Optional array of the same length as nrow(df), containing weights to apply to the model's loss for each sample.

crossValStrategy

Kfold or bootstrap.

k

number of data partitions when crossValStrategy="Kfold".

replicates

number of replicates for crossValStrategy="bootstrap" and crossValStrategy="Kfold" (replicates * k-1, 1 fold for validation).

crossValRatio

Proportion of the dataset used to train, test and validate the model when crossValStrategy="bootstrap". Default to c(train=0.6, test=0.2, validate=0.2). If there is only one value, will be taken as a train proportion and the test set will be used for validation.

hidden_shape

number of neurons in the hidden layers of the neural network model. Can be a vector with values for each hidden layer.

epochs

parameter for keras::fit().

maskNA

value to assign to NAs after scaling and passed to keras::layer_masking().

batch_size

for fit and predict functions. The bigger the better if it fits your available memory.
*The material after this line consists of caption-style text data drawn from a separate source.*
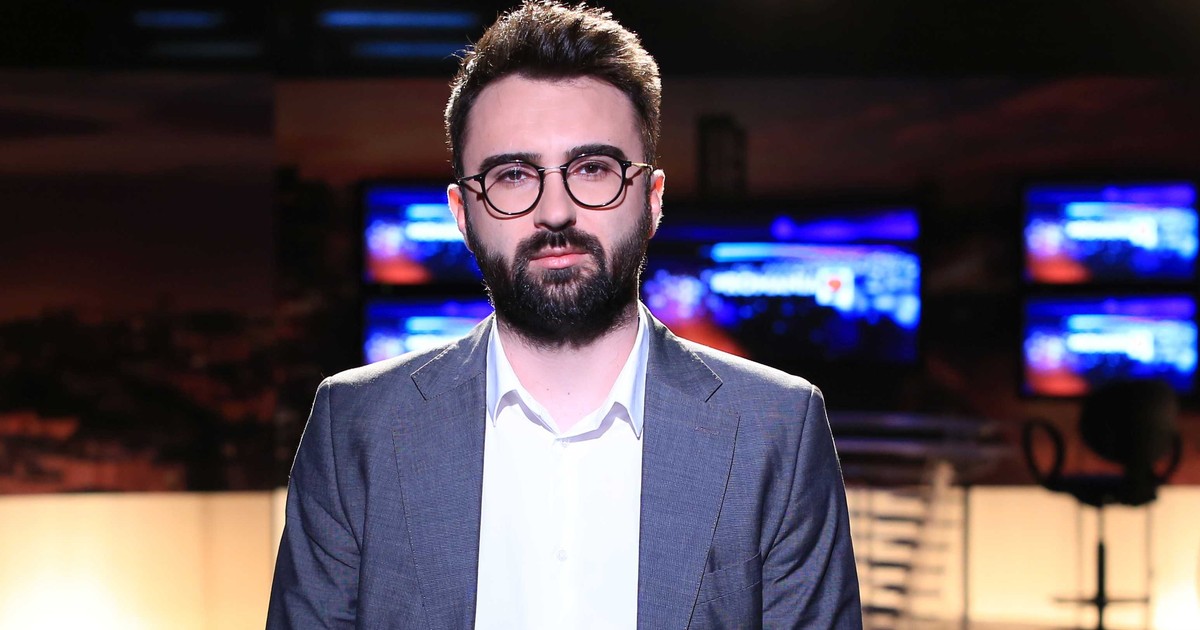 Realizatorul Ionuţ Cristache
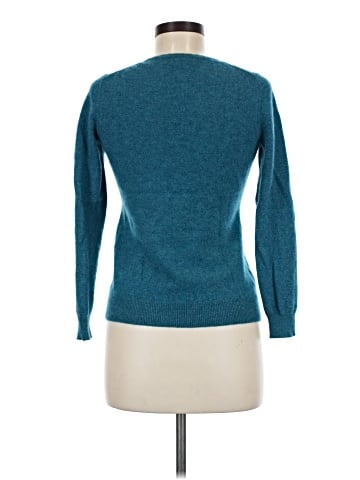 Charter Club Cashmere Pullover Sweater (view 2)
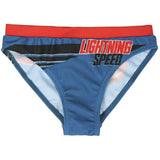 Costum de baie pentru băieți Cars 3 - 3D.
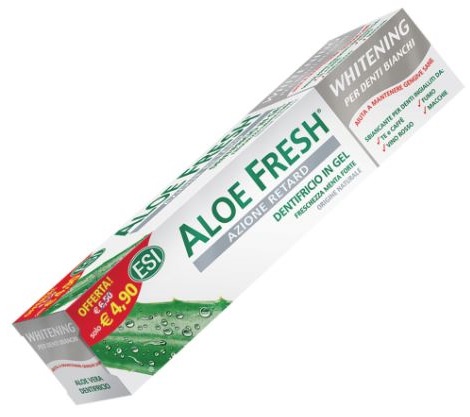 ESI ALOE FRESH WHITENING RETARD 100 ML ARTICOLO 0622 - Doctor Vinz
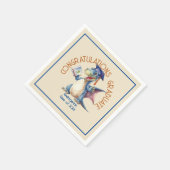 ドラゴン幼稚園スタンダードカクテル スタンダードカクテルナプキン (角)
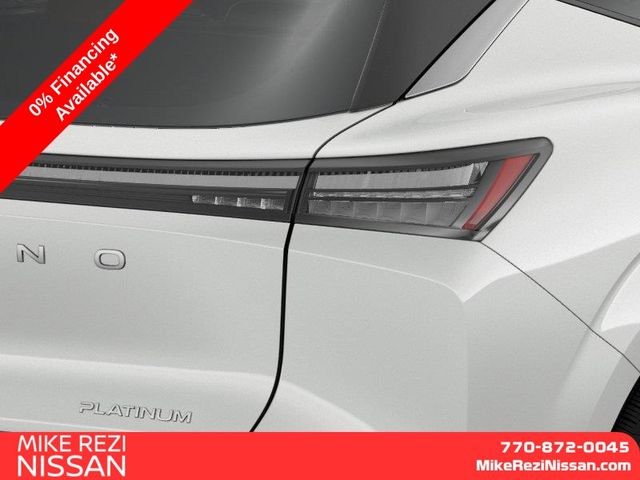 New 2026 Nissan Murano SUV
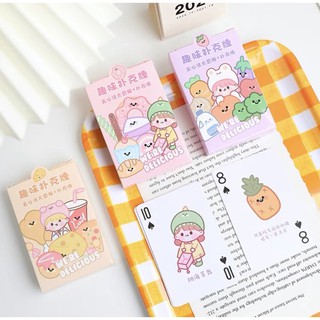 BỘ BÀI CUTE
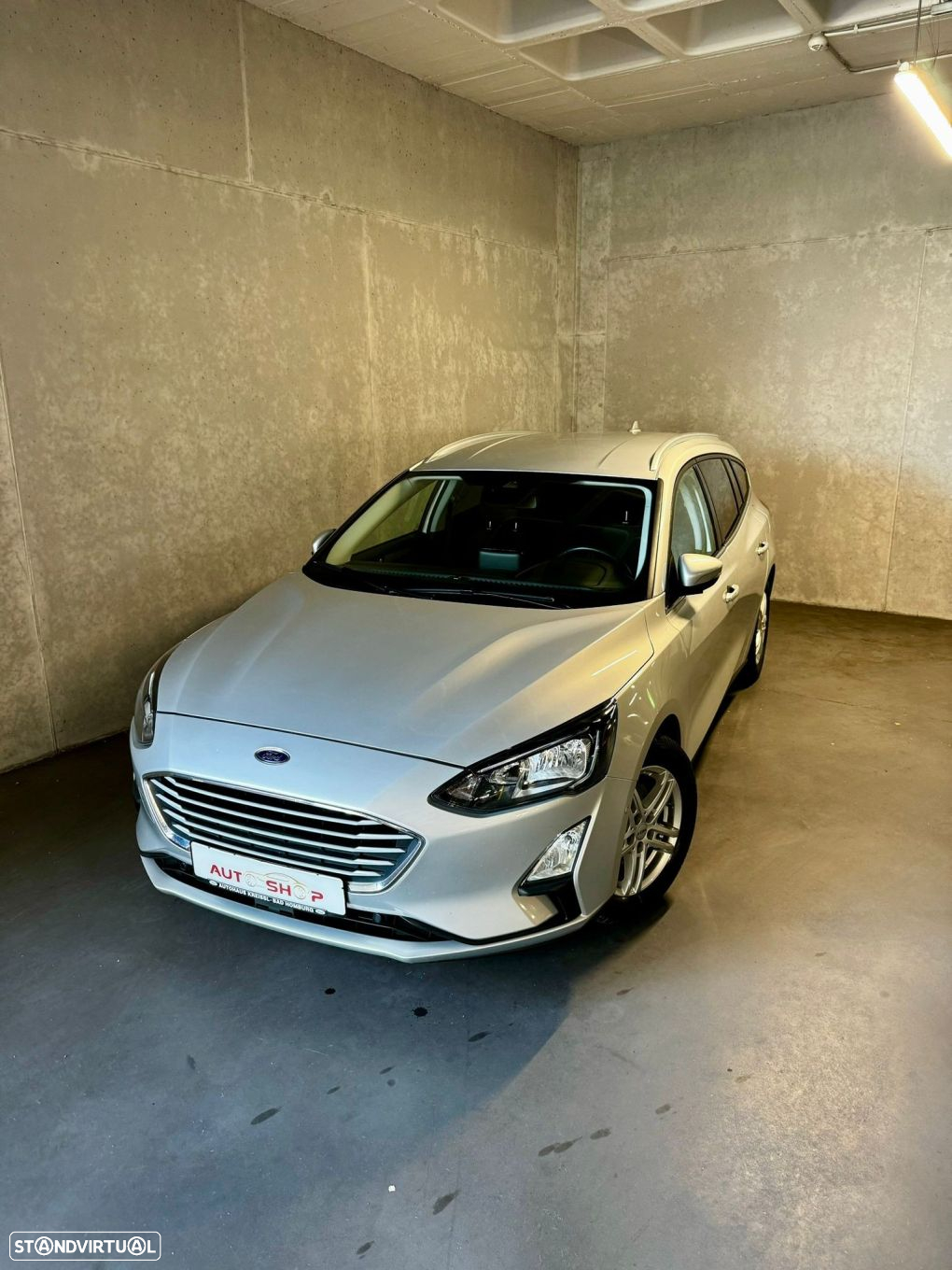 Ford Focus 1.5 TDCi EcoBlue Titanium - 10
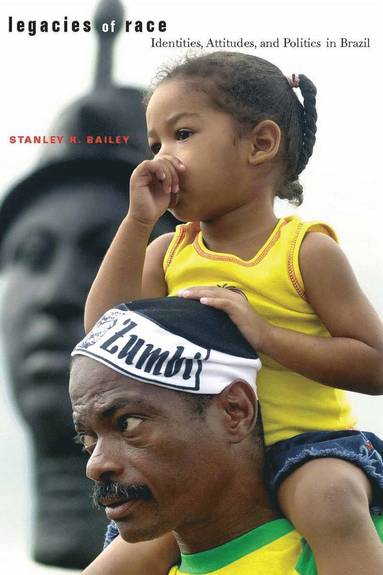 bokomslag Legacies of Race
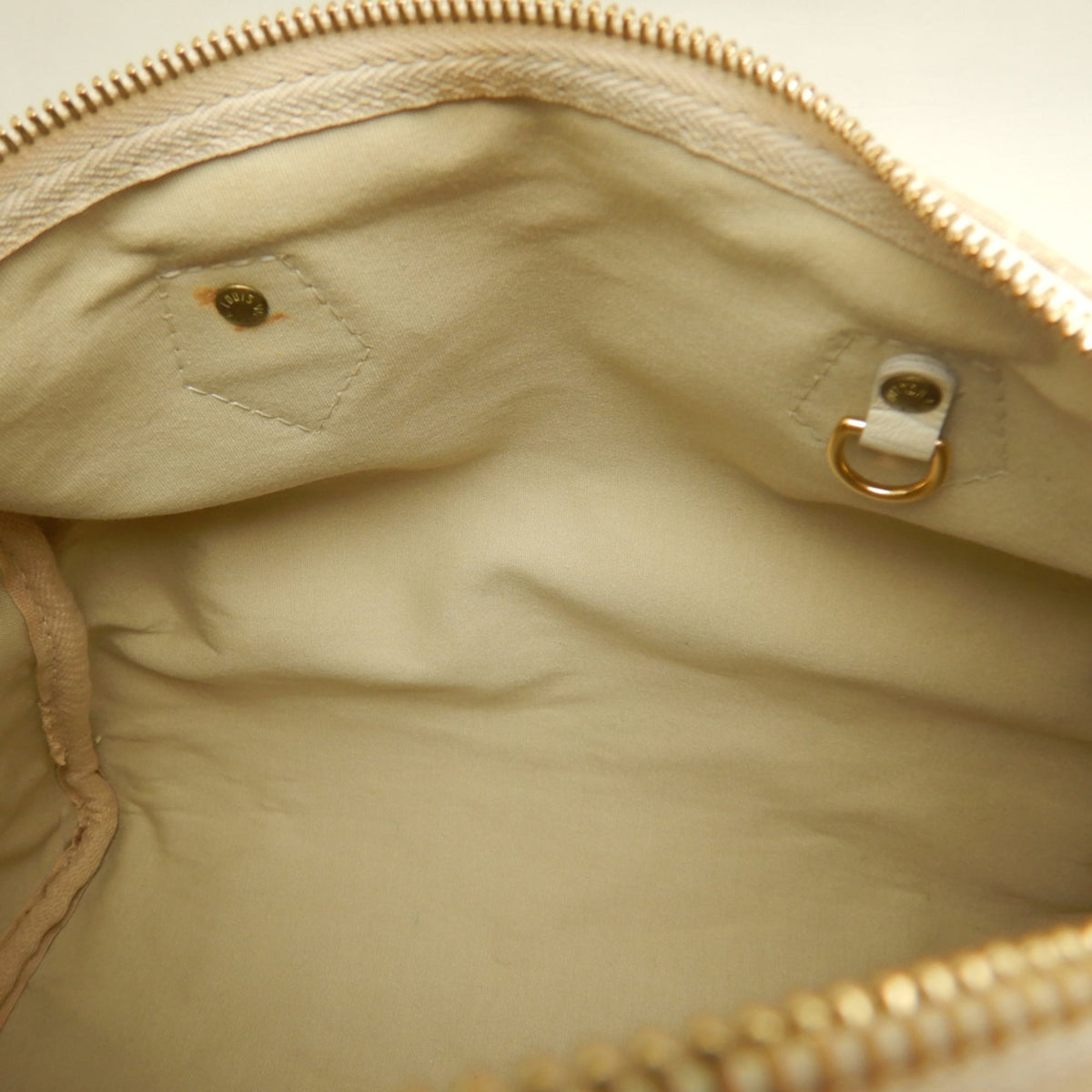 Louis Vuitton Dune Monogram Mini Lin Handbag (Pre-Owned)
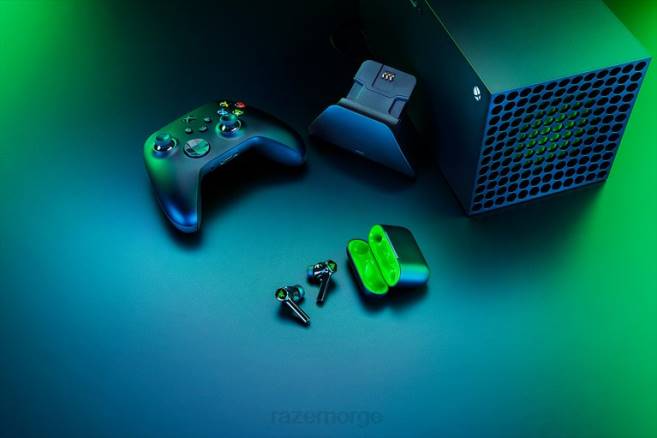 Razer hammerhead hyperspeed - xbox-lisensiert konsoll én farge FL0B150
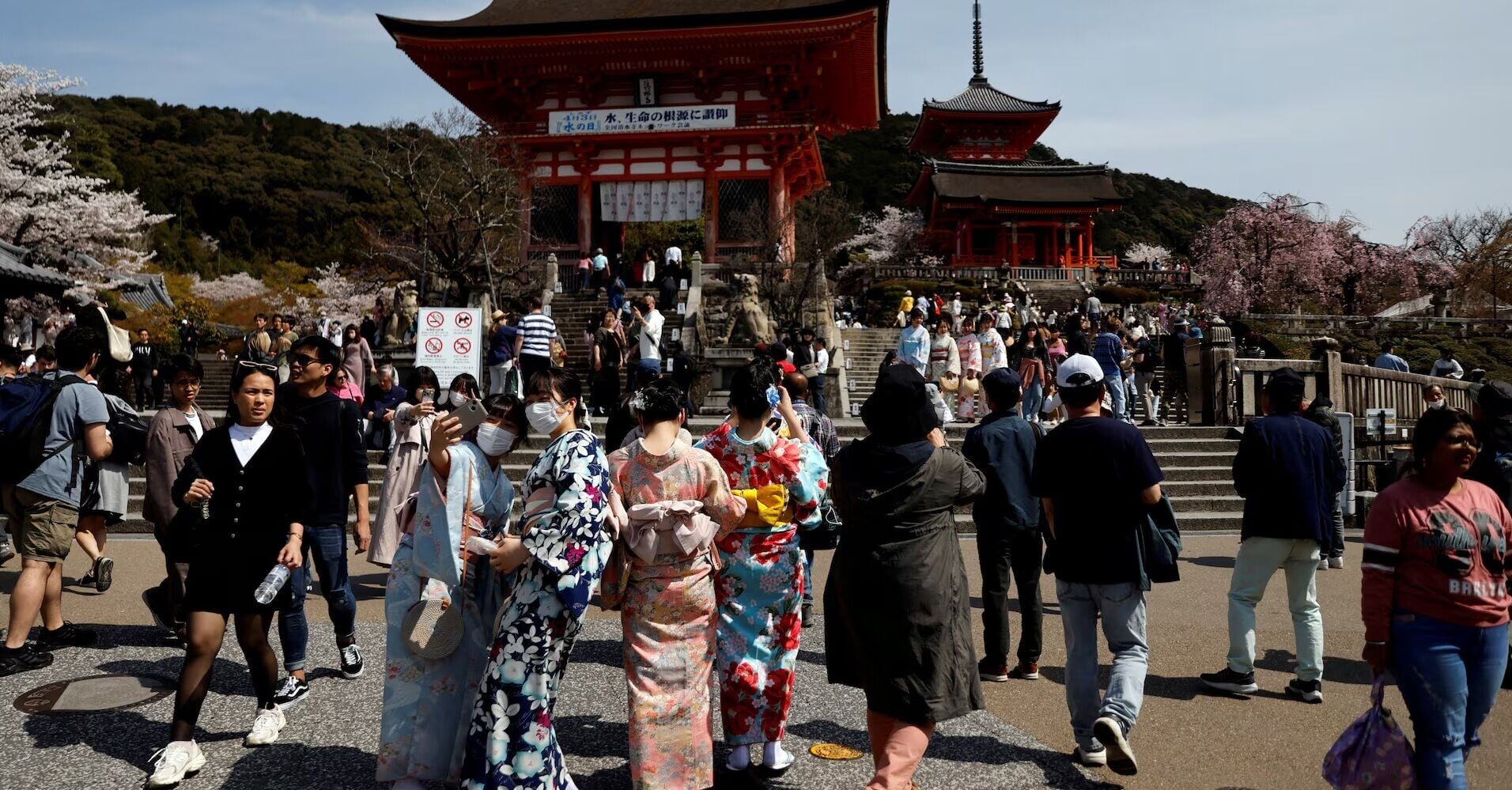 京都清水寺
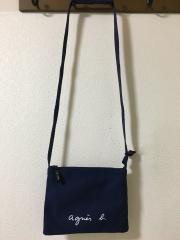 agnes b、その他、バッグ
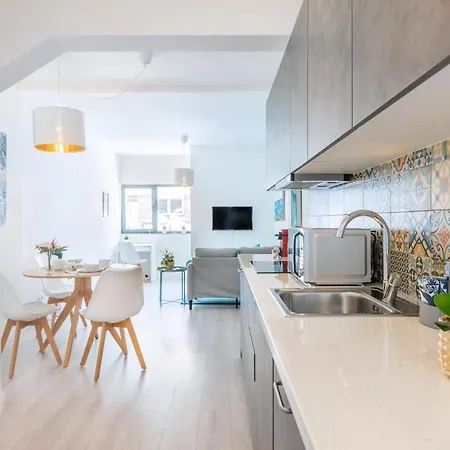 Διαμέρισμα Casa Azul At Jardim Do Morro By Bnbird *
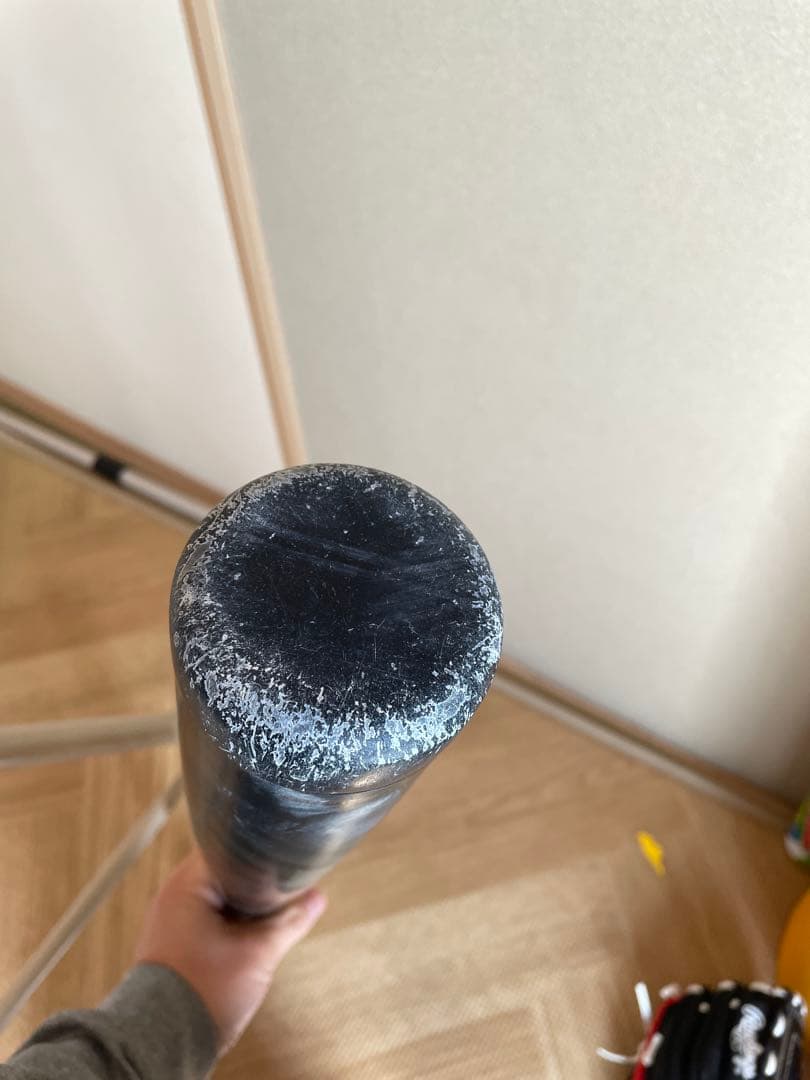 SSK 一般軟式バット MM18 バットケース付き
Integer or "all".

shap

if TRUE, return the SHAP values as shapviz::shapviz() object (or shapviz::mshapviz() for multioutput models).

aggregate_shap

if TRUE, and shap is also TRUE, aggregate SHAP from all replicates.

repVi

replicates of the permutations to calculate the importance of the variables. 0 to avoid calculating variable importance.

summarizePred

if TRUE, return the mean, sd and se of the predictors. if FALSE, return the predictions for each replicate.

scaleDataset

if TRUE, scale the whole dataset only once instead of the train set at each replicate. Optimize processing time for predictions with large rasters.

NNmodel

if TRUE, return the serialized model with the result. Use keras::unserialize_model() to get the model.

DALEXexplainer

if TRUE, return a explainer for the models from DALEX::explain() function. It doesn't work with multisession future plans.

variableResponse

if TRUE, return aggregated_profiles_explainer objects from ingredients::partial_dependency() and the coefficients of the adjusted linear model.

save_validateset

save the validateset (independent data not used for training).

baseFilenameNN

if no missing, save the NN in hdf5 format on this path with iteration appended.

filenameRasterPred

if no missing, save the predictions in a RasterBrick to this file.

tempdirRaster

path to a directory to save temporal raster files.

nCoresRaster

number of cores used for parallelized raster cores. Use half of the available cores by default.

verbose

If > 0, print state and passed to keras functions

...

extra parameters for future.apply::future_replicate() and ingredients::feature_importance().